- EXERCISE AIM -
All lines from the one containing "6844 Golden Hills" through the final line of the listing below, and no others, must be returned exactly; no pictures belong in the copy.

- DATA EXTRACT -
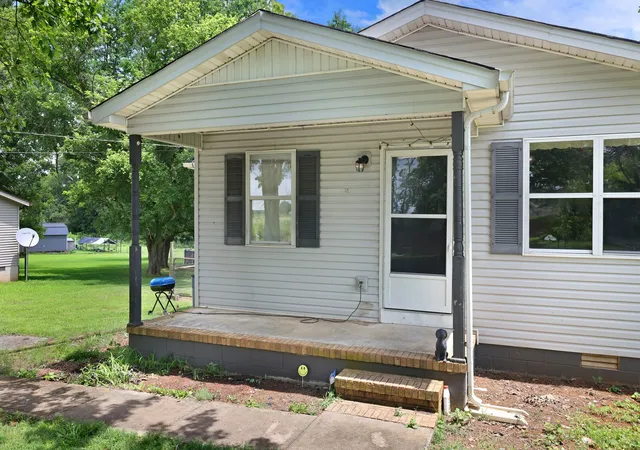 3rd image of 4924 Jacksboro Rd, Morrison, TN 37357 | MLS# 3288202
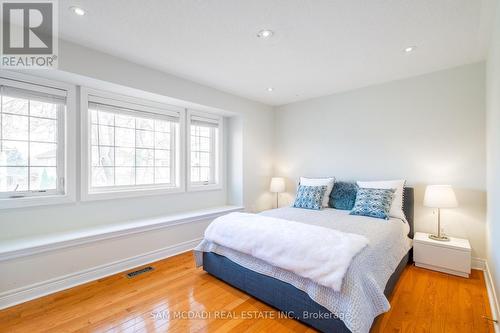 6844 Golden Hills Way, Mississauga, ON - Indoor Photo Showing Bedroom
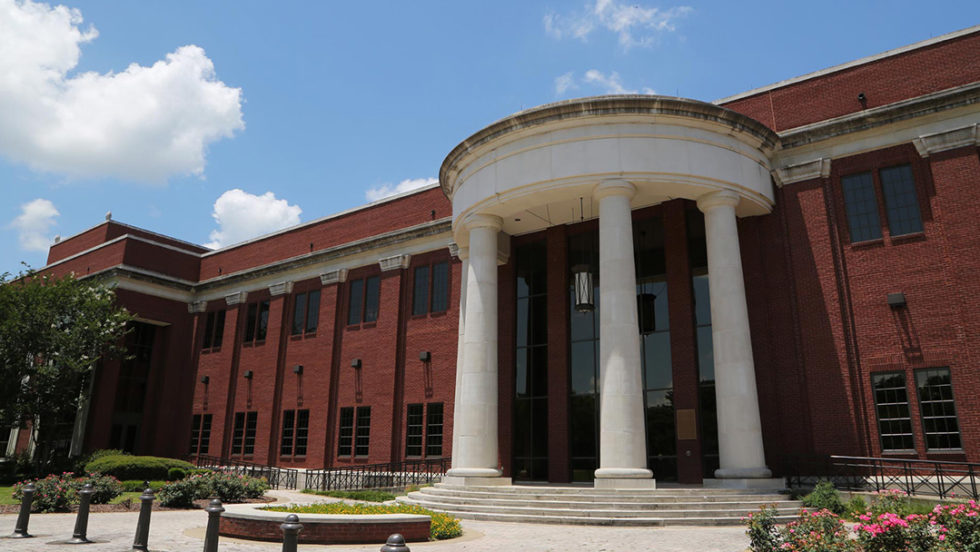 Hinds CC trustees approve moving forward with Metrocenter Mall proposal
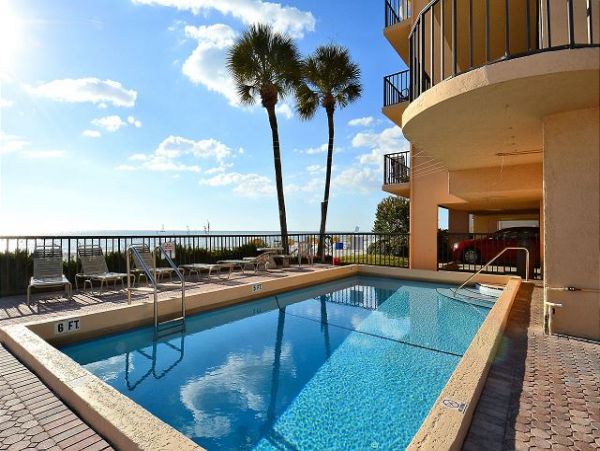 Gulf front Premium Unit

- ANSWER BOX -
 6844 Golden Hills Way, Mississauga, ON - Indoor Photo Showing Bedroom
 Hinds CC trustees approve moving forward with Metrocenter Mall proposal
 Gulf front Premium Unit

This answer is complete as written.